Welcome Back Spoken Word Poet Myrlin Hepworth! 

Waimea Students To Share Their ʻVoicesʻ At Spoken Word Performance At Kahilu Theatre at 6 p.m., Tues., Oct. 25, 2016 - All Invited! 

About 25 Waimea students have something to say about their world and they are bravely willing to share it with family, friends, teachers and the community from the big stage at Kahilu Theatre at 6 p.m., Tues., Oct. 25.  These are students from all parts of Waimea who attend Waimea Middle School and Hawai’i Preparatory Academy – both middle and high school.  These young adults, along with all of the students in their grade levels, will have spent the previous few days working with Spoken Word Poet Myrlin Hepworth, a rising star in mainland slam poetry circles. 

Students quickly connect with Hepworth, who is twenty-something, and who seems like an older brother with two lives – one as a poet-performer and hip hop artist, the other as a young man of Hispanic ancestry with his own painful stories of growing up – stories that for many students are surprisingly familiar about bullying, self-doubt, loss, loneliness, deep sadness.  Hepworth, after learning about Spoken Word poetry, discovered that it not only helped him become stronger and more self-confident, but that he could use it to help other young adults learn to use and love words and performance to share their stories and become stronger too.  Armed now with a Bachelor’s degree and teaching experience, Hepworth travels the country helping young adults put in practice his three rules:  (1) Be Brave!  (2) Be Respectful!  (3) Your Voice Matters! 

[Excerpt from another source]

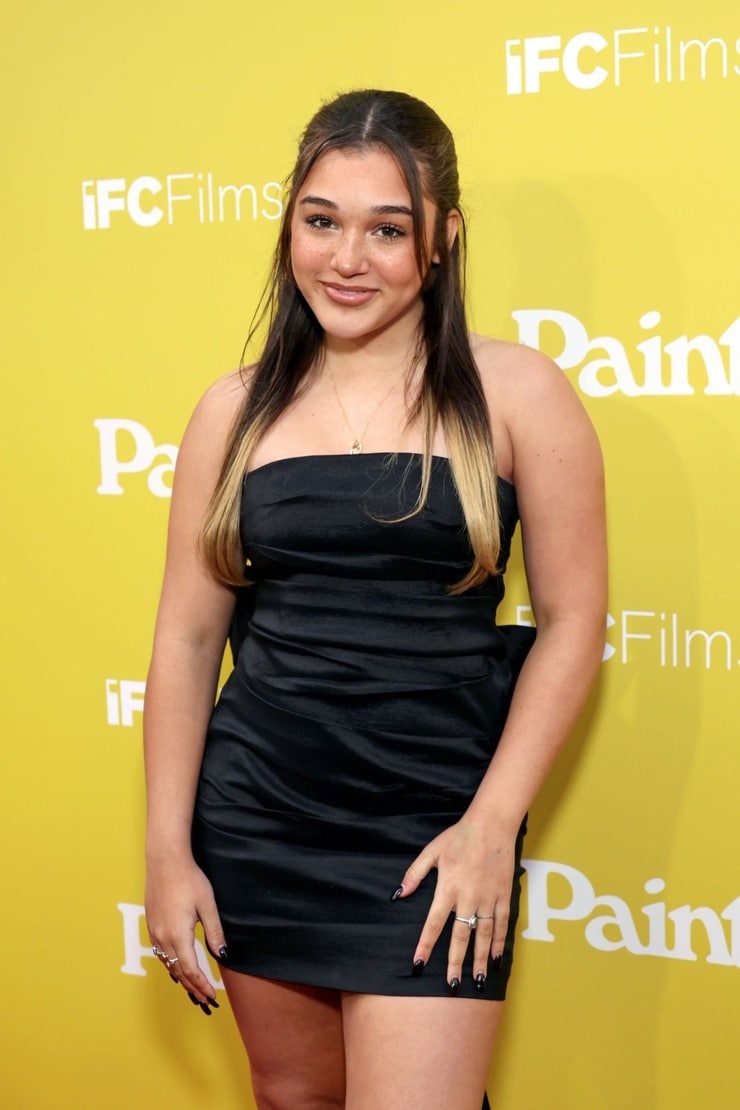 Corinne Joy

Hepworth is something of a pied piper for young adults.  He is able to reach students even with just a few hours of class time 

and even when English isn’t their first language.  

His visit to Waimea Middle School (WMS) this past Spring was so powerfully embraced by students that he was invited back this week by teachers and administrators to spend the week with every one of Waimea Middle School’s 250 students to create Spoken Word poems, and, in the process, inspire greater interest in reading, writing and self-expression. 

WMS reached out to several Waimea schools offering to share Myrlin’s time, and Hawai’i Preparatory Academy jumped in, so

both HPA middle and high school students are spending class time with Myrlin and several will be invited to share their

Spoken Word poems along with several WMS students at a family-community presentation Oct. 25 at Kahilu Theatre.  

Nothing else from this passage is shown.